The Chan Zuckerberg Initiative, which is also writing grants for affordable housing, said working side by side with local communities was “core to our work.” In a statement, the Primary School said the episode with the R.V. residents was “frustrating and emblematic of larger housing issues in the Bay Area,” but that it was not aware of East Palo Alto’s action to evict those residents and had not engaged with city officials on the matter.
East Palo Alto’s residents have long felt disempowered against change brought by tech leaders like Mr. Zuckerberg. A 2.6-square-mile town where one-third of the school children are homeless, it has stood as a sign that Silicon Valley’s wealth might not spread to those beyond its tech campuses. And so even as Mr. Zuckerberg’s limited liability company seeks to build a school here, many of its residents are skeptical.
“CZI’s just walking into something with a lot of baggage,” said Daniel Saver, a lawyer with the Community Legal Services in East Palo Alto, which receives funding from the Chan Zuckerberg Initiative. “People here have been pushed around by very big interests and have been taken advantage of for decades. ”
Paul Bains, a pastor and president of Project WeHope, a local organization funded by the Chan Zuckerberg Initiative, said that the initiative needed to figure out how to interact with wary residents. “They have to learn how to communicate with communities of color,” Mr. Bains said.
The recent evictions at the R.V. enclave were not requested by the Chan Zuckerberg Initiative, said Donna Rutherford, an East Palo Alto City Council member and a former mayor of the town. Instead, city officials said the area had become a flood hazard as rains were coming and the vehicles had spilled wastewater into storm drains.
“Let me just walk you through the gross part,” said Michelle Daher, an environmental management analyst for East Palo Alto, heading to a storm drain last week where she said 6,000 gallons of waste from R.V.s had to be pumped one day.
Ms. Daher pointed out the future site of the school, an empty lot surrounded by a chain-link fence. “This obviously is the Chan Zuckerberg location,” she said. She added that the flood-prone street would be rebuilt for the school, so the R.V.s would have had to move in any case.

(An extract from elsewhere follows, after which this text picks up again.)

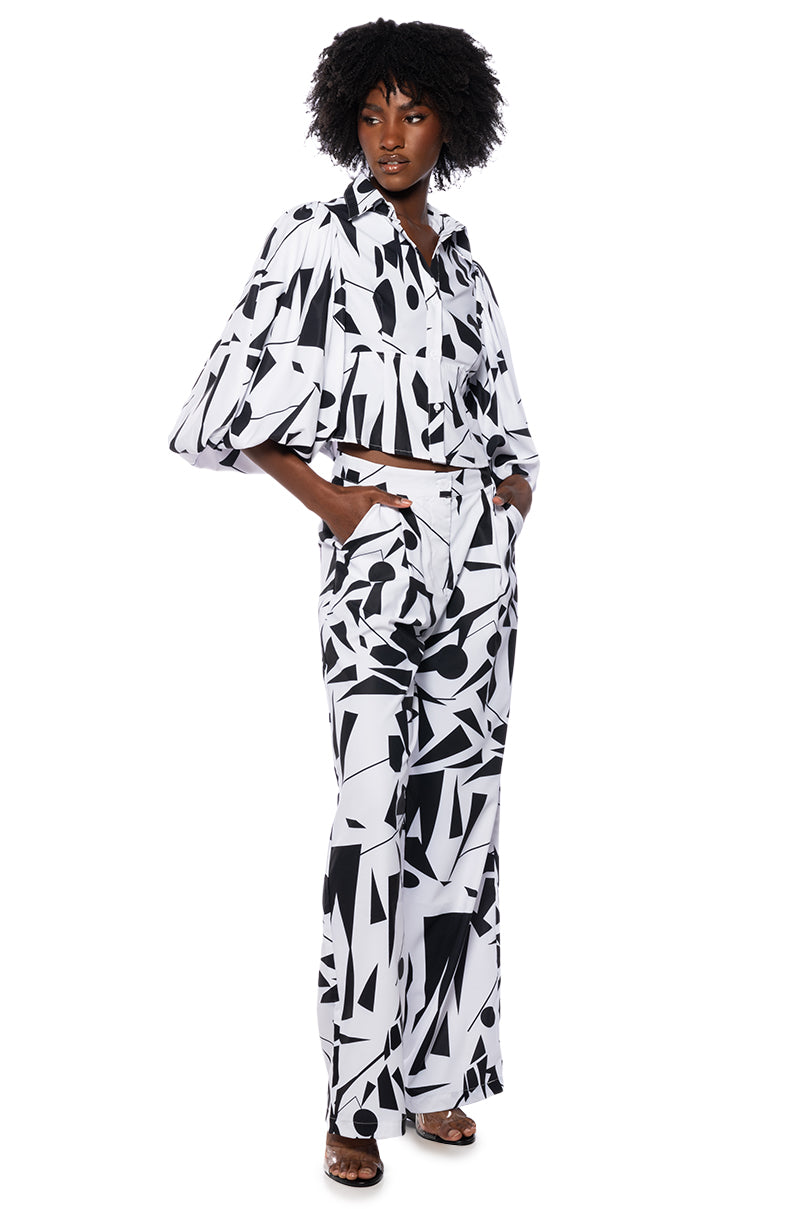 Extra View Lennon Printed Puff Sleeve Open Back Button Down Blouse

Sean Charpentier, East Palo Alto’s assistant city manager, said the region had been squeezed by the wealth around it and that the homeless population had grown. “We’re a receptacle for the externalities around us,” he said. “It’s felt more deeply here because this city was formed to provide safe and affordable housing.”

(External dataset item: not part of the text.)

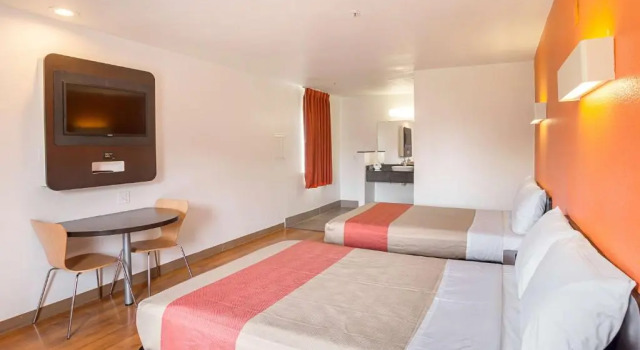 Четырёхместный номер Standard Motel 6 Grand Prairie, TX - Near Six Flags Drive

Patricia Lopez, 48, who owns a home on the street where the R.V.s were parked, said the trouble for the R.V. residents began after a community meeting that Facebook executives attended.
“They didn’t introduce themselves, but the organizer said, ‘Facebook is in the house,’ and they waved. And ever since then, it’s been heavy harassment, heavy policing,” she said, which ultimately led to the evictions.
At last week’s City Hall meeting, residents and protesters expressed support for the school but anxiety over the Chan Zuckerberg Initiative.
“The first step is to make sure quasi-affiliated supposed philanthropic organizations don’t set the policy,” said Johannes Muenzel, 28, a software engineer who is the co-chairman of Silicon Valley’s Democratic Socialists of America chapter.
Mr. Kirk, the Stanford student, stood in the back, organizing other students. He said he had never seen so much grass-roots energy to protest among his cohort.
“It’s sprung up out of nowhere. This is the issue we need to focus on,” he said, adding that it was remarkable to get so many Stanford students protesting on a school night.
By 11 p.m., protesters and city staff were getting agitated and tired. Eventually, the Public Works and Transportation Commission recommended that city staff pursue a long-term solution for the R.V. community by working with nonprofit organizations and by looking into a ban on oversize vehicles parking overnight.